The UK civil service is one of the most highly regarded in the world and Artem wanted to learn from them how to build sustainability into Ukraine’s tracking of feedback from civil servants and the tracking of progress of on-going public administration reform, all which would greatly benefit his work to help bring a new civil service culture to the country.

While in the UK on his Fellowship Programme, the JST set up meetings for Artem with key players  who could answer his questions on the mechanisms of transforming the civil service.  Those he met with not only shared various methods for independent, evidence-based research and inquiry into civil culture as practiced by the UK Civil Service HR at the Cabinet Office but also analysis of civil servants’ decision-making as conducted by Behavioural Insights Team in the framework of its Behavioural Government initiative.

All this gave Artem plenty of ideas for how to develop and improve his civil servants’ opinion survey project back home.  Artem says he found all his UK meetings incredibly useful, from his time with Jonathon Curry on Scotland’s experience with its own Scottish Government People Survey and lessons learned, to meeting the Public Bodies Team at the Cabinet Office which designs, implements and analyses the UK Civil Service People Survey to hearing from Dr Thomas Elston at the Blavatnik School of Government which designs the InCiSE itself.  Artem also credits his time with the UK Government Digital Services for demonstrating how improvements in efficiency can be won through greater technological advances.

On his return to Ukraine, Artem worked with its National Agency for Civil Service to design and launch a second wave of the Civil Service Feedback Loop survey, engaging over 15,000 public officials across the country. The results of the survey helped generate further vital data which led, via public discussion of the survey’s findings, to the Cabinet of Ministers of Ukraine drafting a new landmark ‘Concept of Civil Service Cultures’.  This embraces the UK’s concepts of ‘Brilliant Civil Service’ and ‘Civil Service Success Profiles’.

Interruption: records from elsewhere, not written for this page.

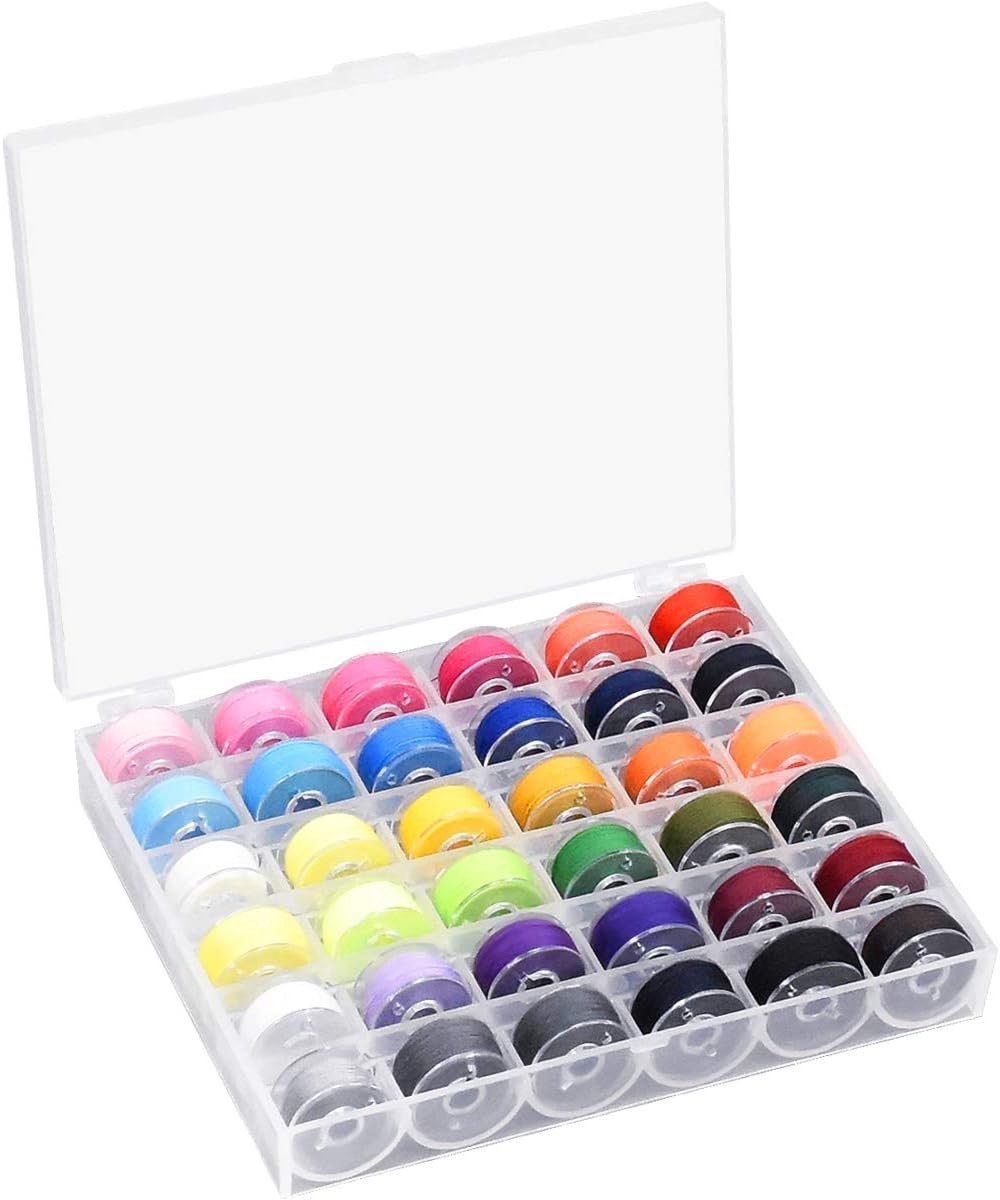 36 Stuks Voorgeweven Naaimachine Spoelen met Opbergdoos - Assortiment van Kleuren voor Naaien, Quilten en Borduren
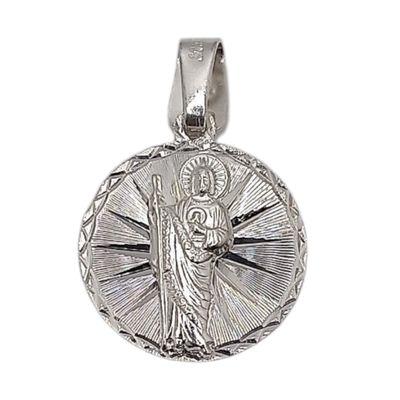 MEDALLA SAN JUDAS DIAMANTADA 3 CM PLATA .925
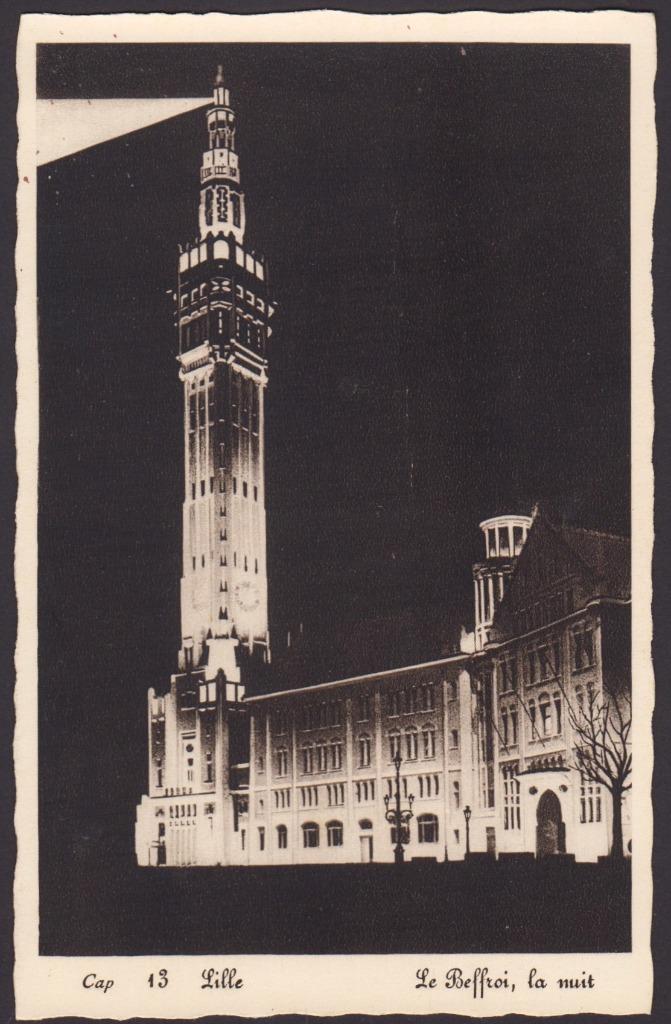 1939 - FRANCE - Lille : Le Beffroi, la nuit, Envoi, 1920 à 1940, Non affranchie, France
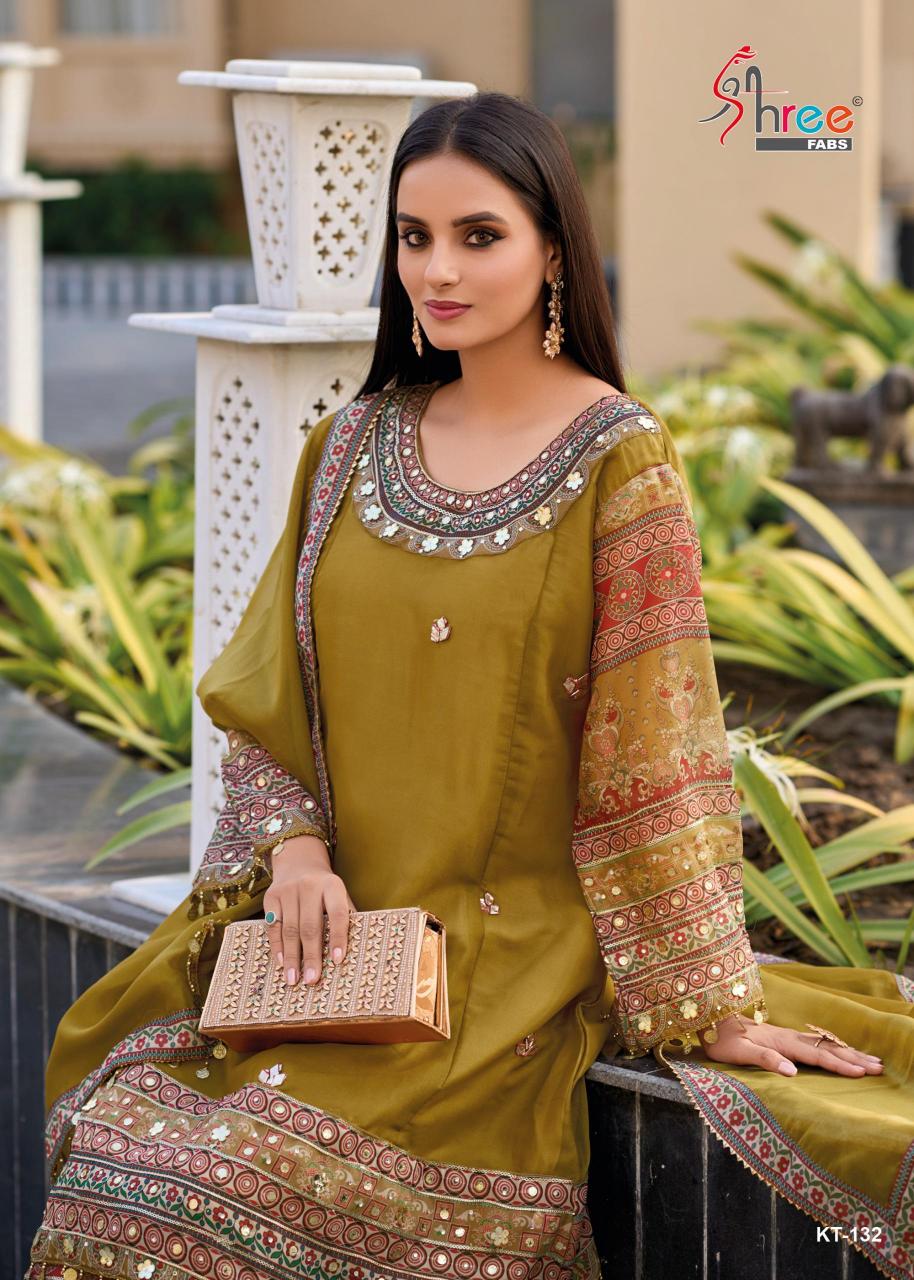 Shree Fabs Kt 132 Viscose Shimmer yellowmist pakistani suits wholesaler delhi india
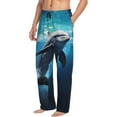 thumbnail image 6 of Naloa Ice Blue Ocean Cute Dolphin Pajama Pants Men, PJ Bottoms, Sleep & Lounge Pants-Small, 6 of 6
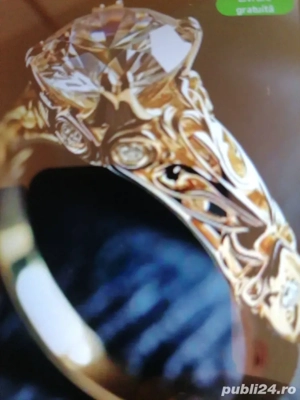 Inel elegant de promisiune pavat cu zirconiu alb  - imagine 3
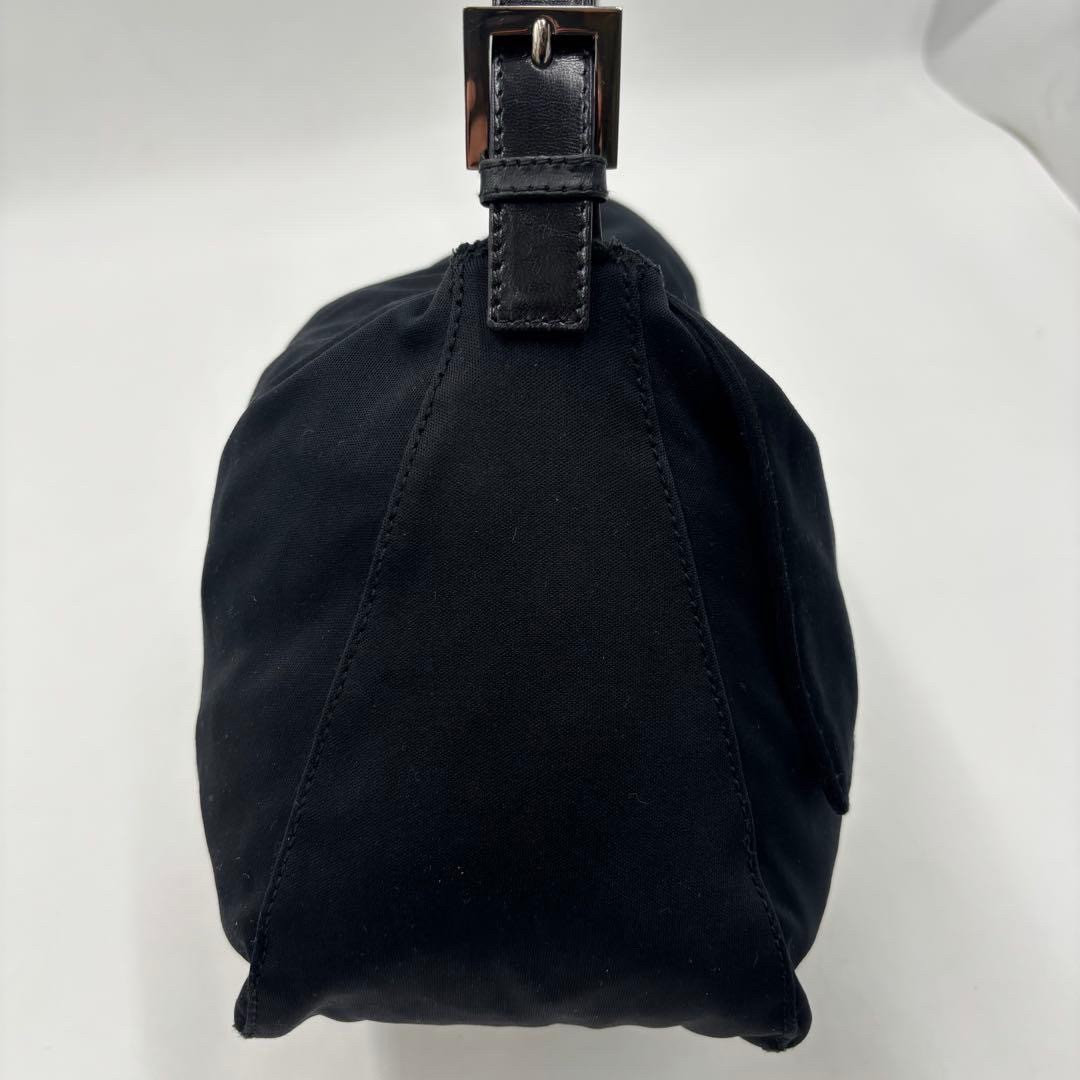 FENDI Mamma Baguette FF Logo Black Cotton Jersey Leather Shoulder Bag Auth Good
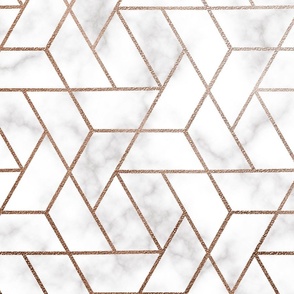 geometric grid  White + bronze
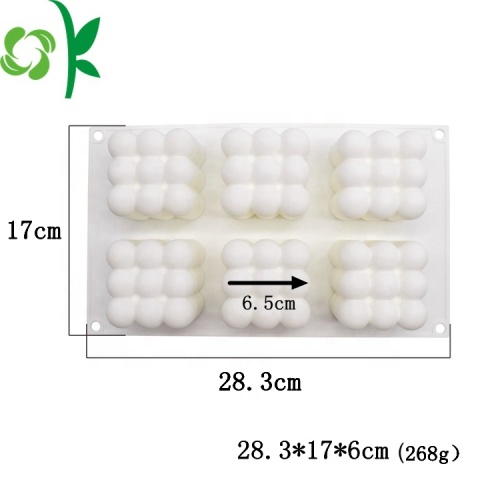 6 Cavity Cube Mousse Silicone Molde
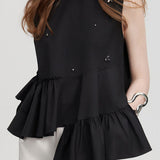 Trendy Irregular Shirt with Beaded Embellishments - liwisi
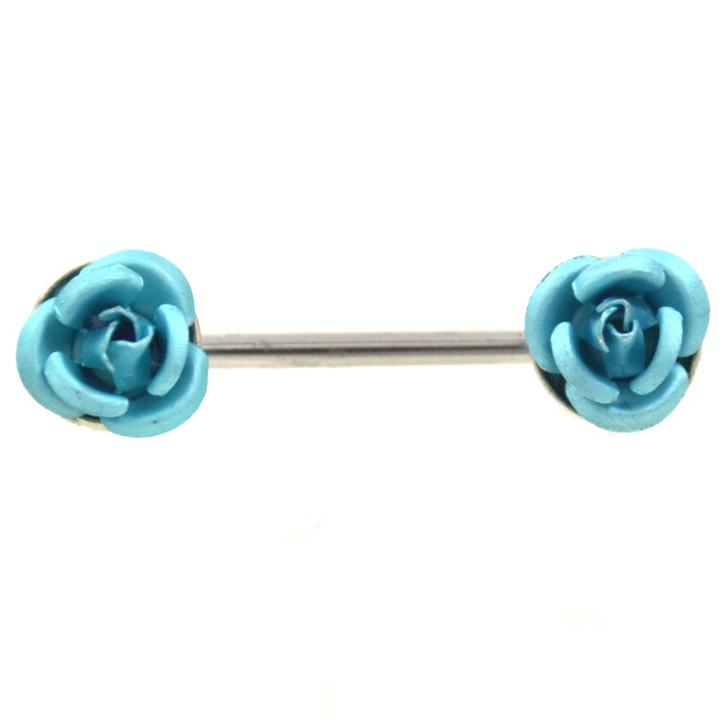 Pretty Aqua Roses Nipple Piercing Bar 14g 5/8"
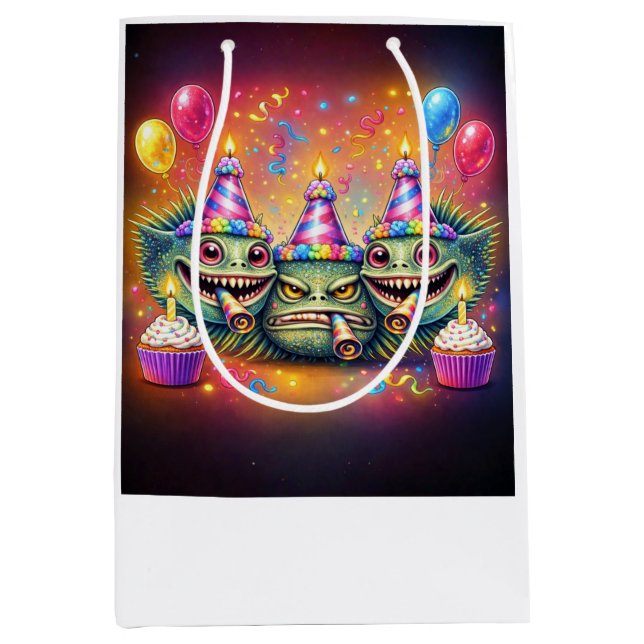 Weird Birthday Fish Heads Medium Gift Bag (Front)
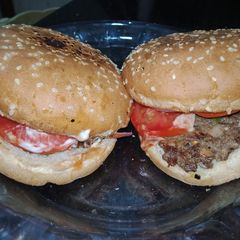 A picture of Chapali kabab burger.
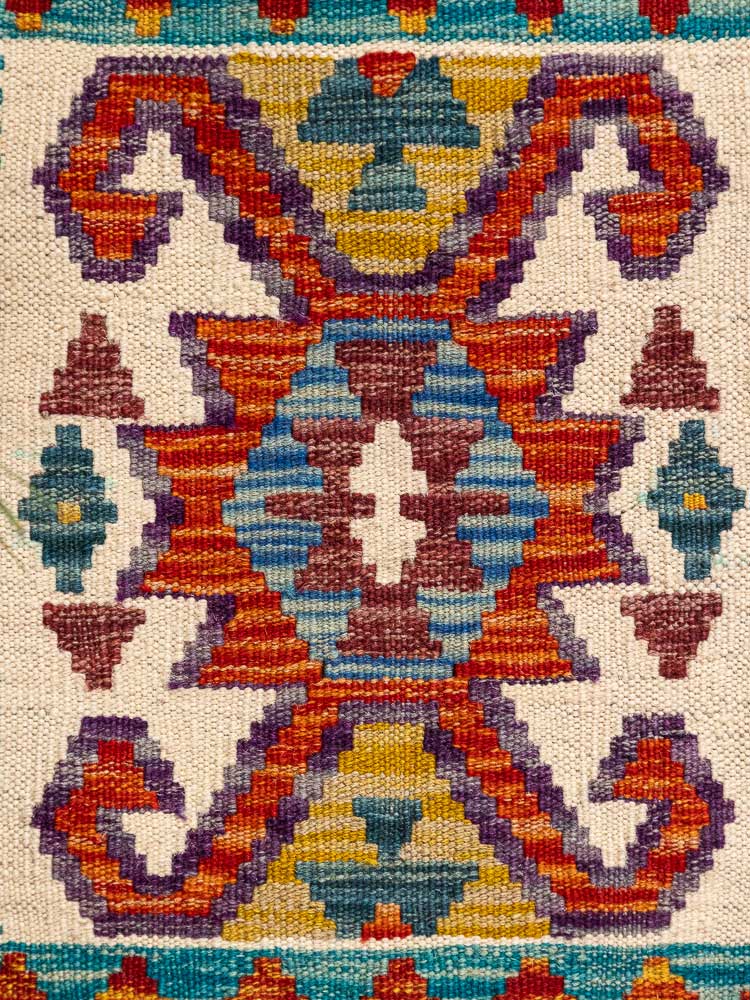 12767 Small Afghan Vegetable Dyed Kilim Rug 41x62cm (1.4 x 2.0ft)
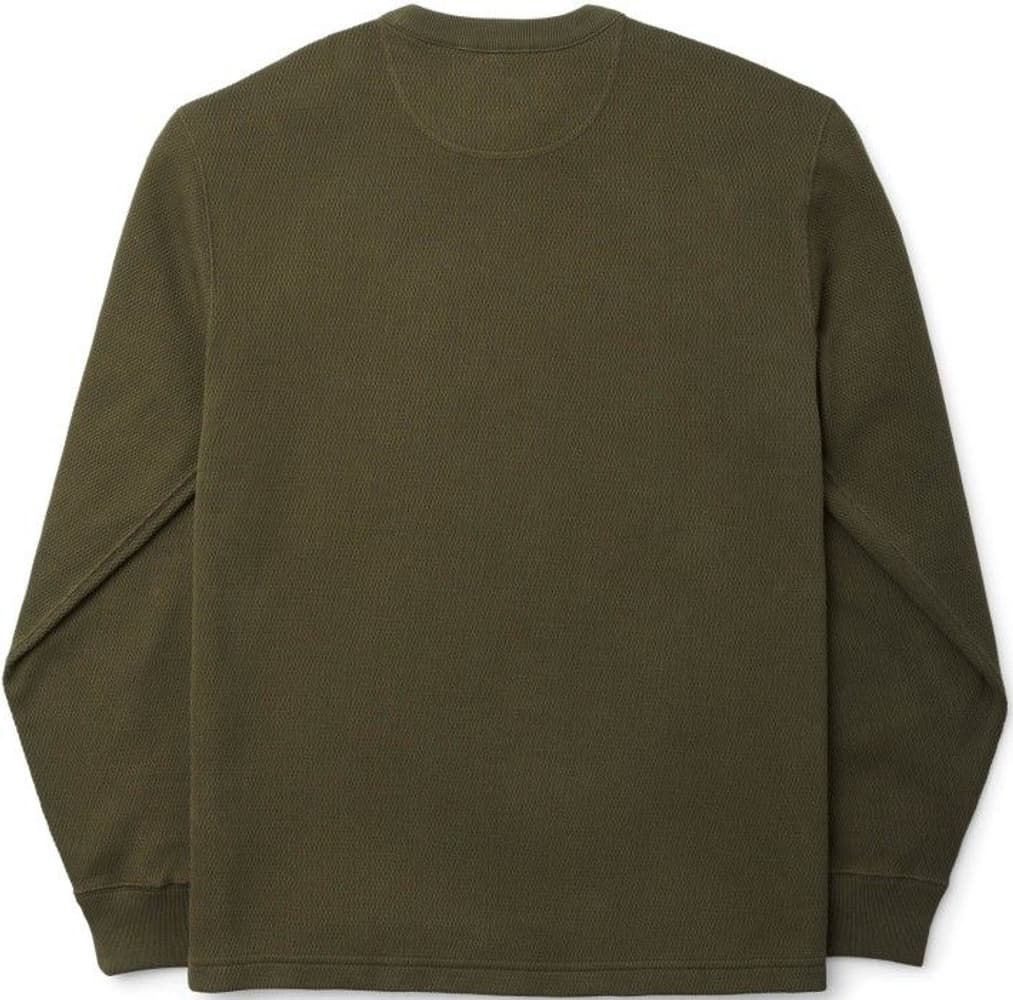 Waffle Knit Thermal Crewneck pitkähihainen paita, vihreä, view: 1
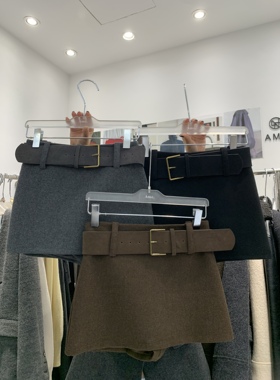 AME2025冬装新韩版高品质加厚羊毛呢配皮带百搭半身裙A字裙包臀裙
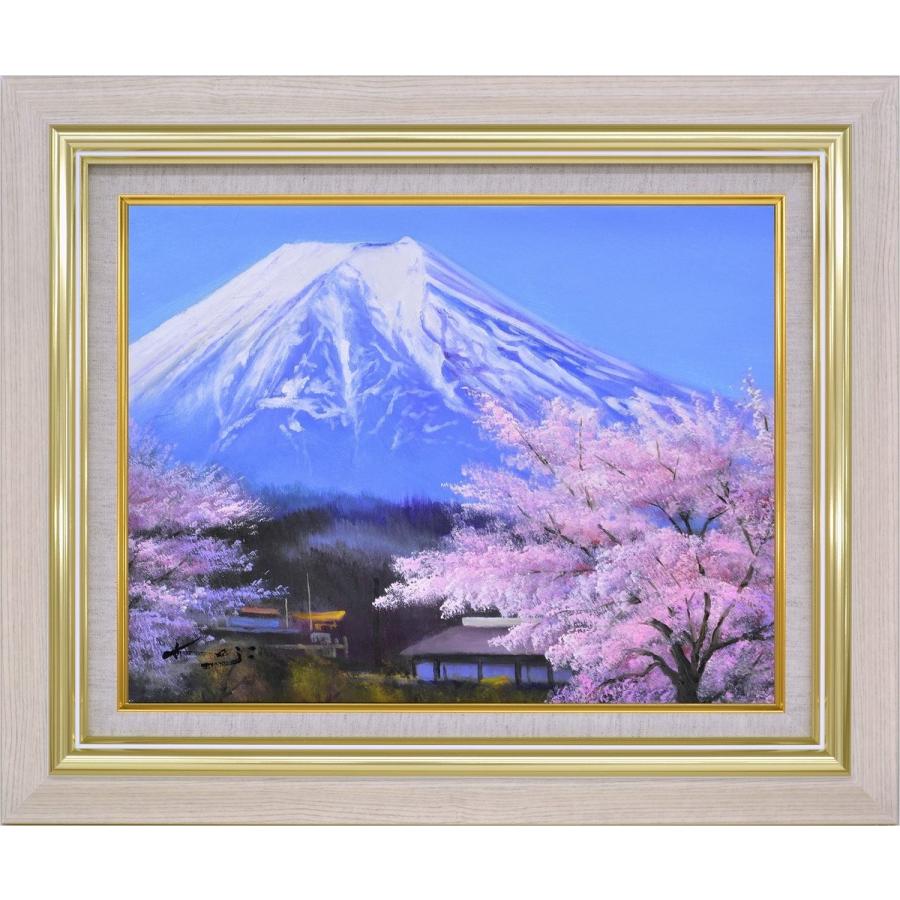 手描き油絵 加治 秀雄 里の桜に富士 F10 画家本人手描き 絵画 額入り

In advocating for the implementation of the Civil Service Feedback Loop, Artem says the team’s mantra was  Peter Drucker’s famous saying – ‘Culture eats strategy for breakfast’ – which they felt stressed the need for a strategic, multi-agency effort to instill the culture of continuous improvement in Ukraine’s civil service.

Thanks to the Civil Service Feedback Loop project and PGA’s advocacy efforts, the Cabinet of Ministers of Ukraine amended the National Strategy for Public Administration which, amongst other things, makes civil service culture a pillar of Ukraine’s public administration reform – a huge achievement!

And in 2020, the National Agency for Civil Service, with support from its Task Force on Advancing Civil Service Culture where Artem continues to serve after he stepped down as Head of the PGA Board, implemented a third wave of the Civil Service Feedback Loop. This engaged over 30,000 civil servants across Ukraine.

Artem continues to advocate for the Civil Service Feedback Loop to enable a full civil servant engagement cycle and to serve as a tool for government accountability for civil servants’ engagement in meaningful work to meet people’s needs – one of his key takeaways from his JST meeting with Jonathon Curry at the Scottish Government that he’d like to see fully implemented.

Reflecting on his JST experience, Artem says, ‘It was a unique opportunity to be part of this stellar Fellowship from which not only I but my country continue to benefit so greatly. I am extremely proud to be counted as a member of the prestigious JST Alumni Network’.

In fact, Artem has now used his PGA alumni galvanizing skills towards setting up a chapter of the JST Alumni Network specifically for Ukrainian Fellows to bring this likeminded group together with the aim of developing ideas and projects for civil society to help build a better, stronger country.  Ukraine is indeed lucky to have such citizens!